== DATA EXTRACT ==
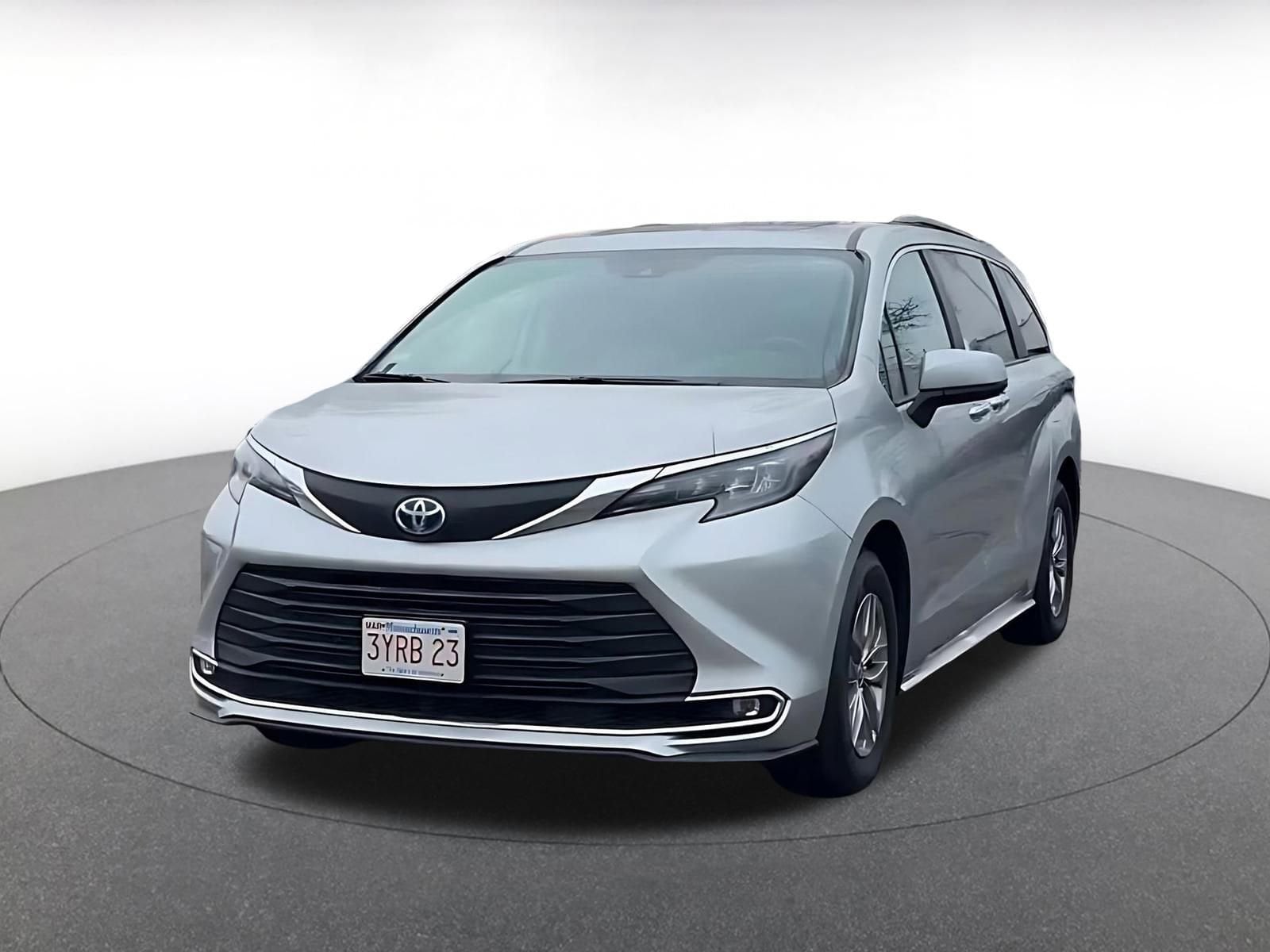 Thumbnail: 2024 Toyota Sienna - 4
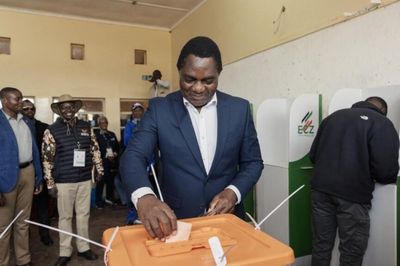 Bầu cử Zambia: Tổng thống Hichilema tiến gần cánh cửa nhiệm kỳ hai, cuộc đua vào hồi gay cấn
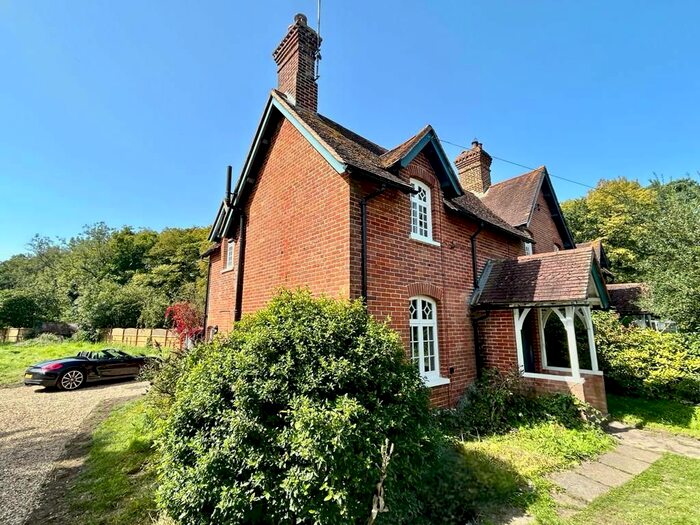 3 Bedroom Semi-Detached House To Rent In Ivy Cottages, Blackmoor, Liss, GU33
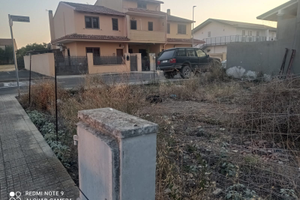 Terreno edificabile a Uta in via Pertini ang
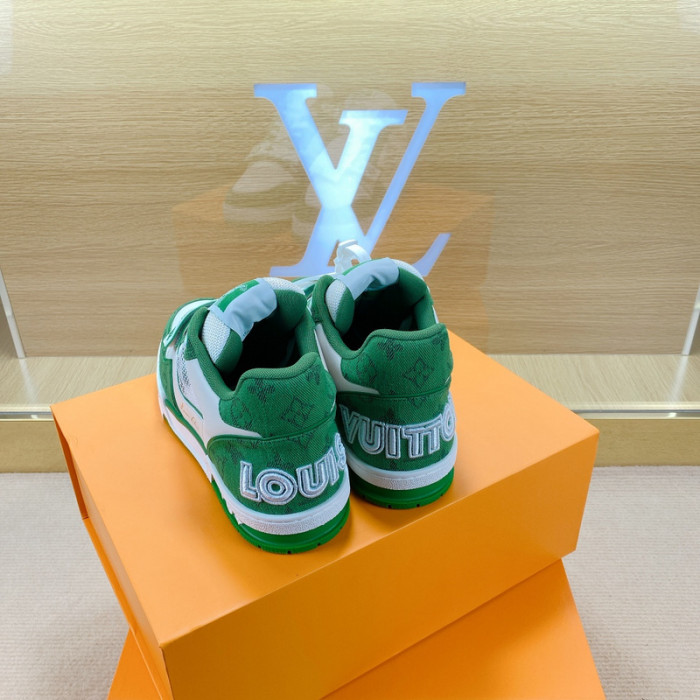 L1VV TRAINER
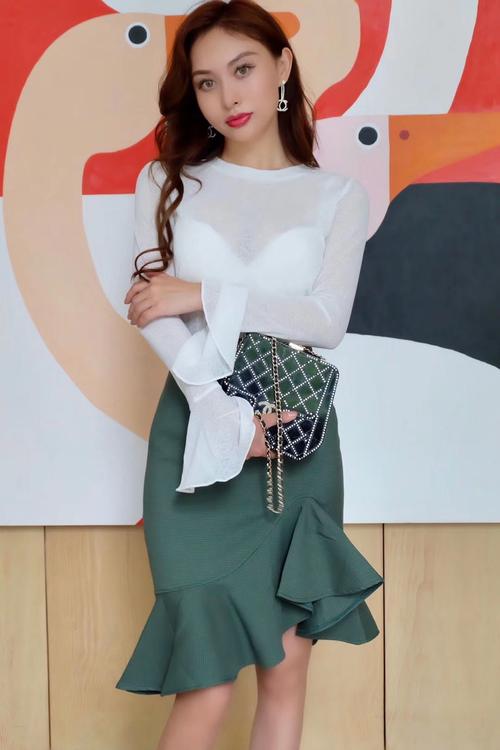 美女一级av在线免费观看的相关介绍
===
== DATA EXTRACT ==
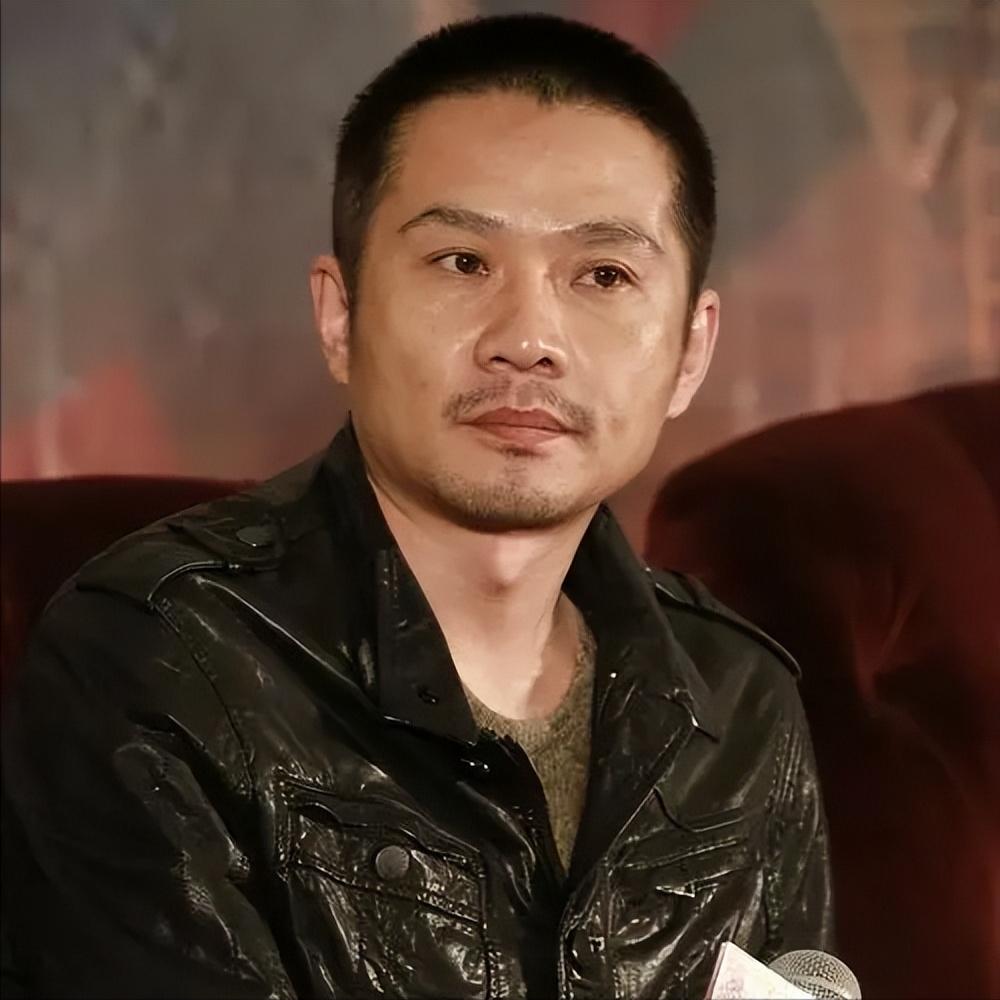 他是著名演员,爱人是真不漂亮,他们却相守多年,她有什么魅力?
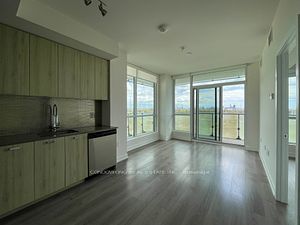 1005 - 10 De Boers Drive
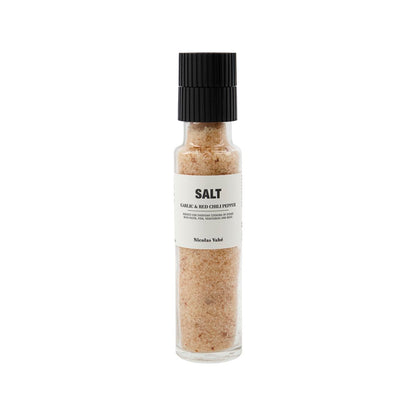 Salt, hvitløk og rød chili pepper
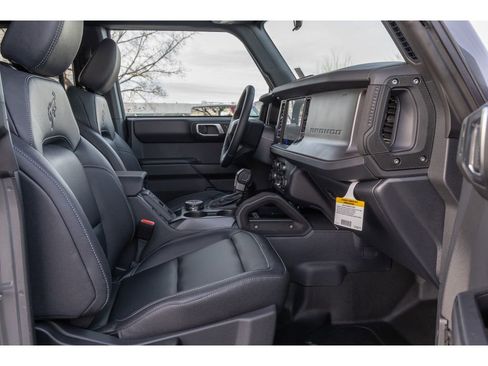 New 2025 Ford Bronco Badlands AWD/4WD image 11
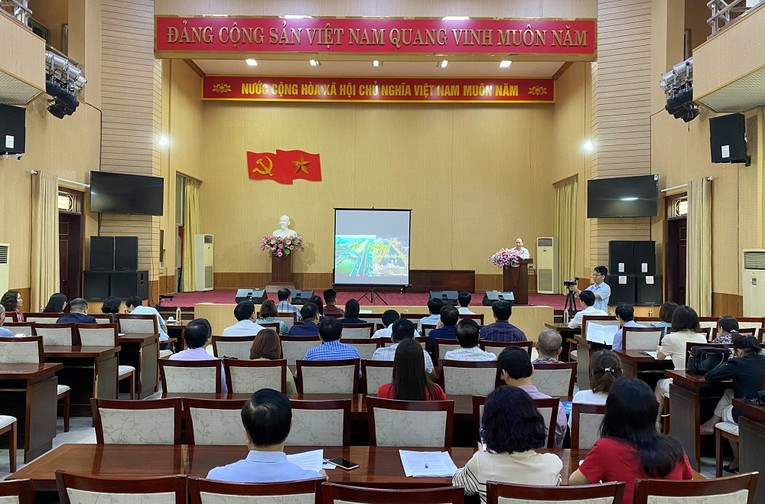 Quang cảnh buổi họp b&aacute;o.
===
Leaving out all pictures, set down exactly the lines of the material above, from the line with "Thumbnail: 2024 Toyota Sienna - 4" to the line with "美女一级av在线免费观看的相关介绍" inclusive, and no others.

▶ _COMPLETED TASK_
 Thumbnail: 2024 Toyota Sienna - 4
 Bầu cử Zambia: Tổng thống Hichilema tiến gần cánh cửa nhiệm kỳ hai, cuộc đua vào hồi gay cấn
 3 Bedroom Semi-Detached House To Rent In Ivy Cottages, Blackmoor, Liss, GU33
 Terreno edificabile a Uta in via Pertini ang
 L1VV TRAINER
 美女一级av在线免费观看的相关介绍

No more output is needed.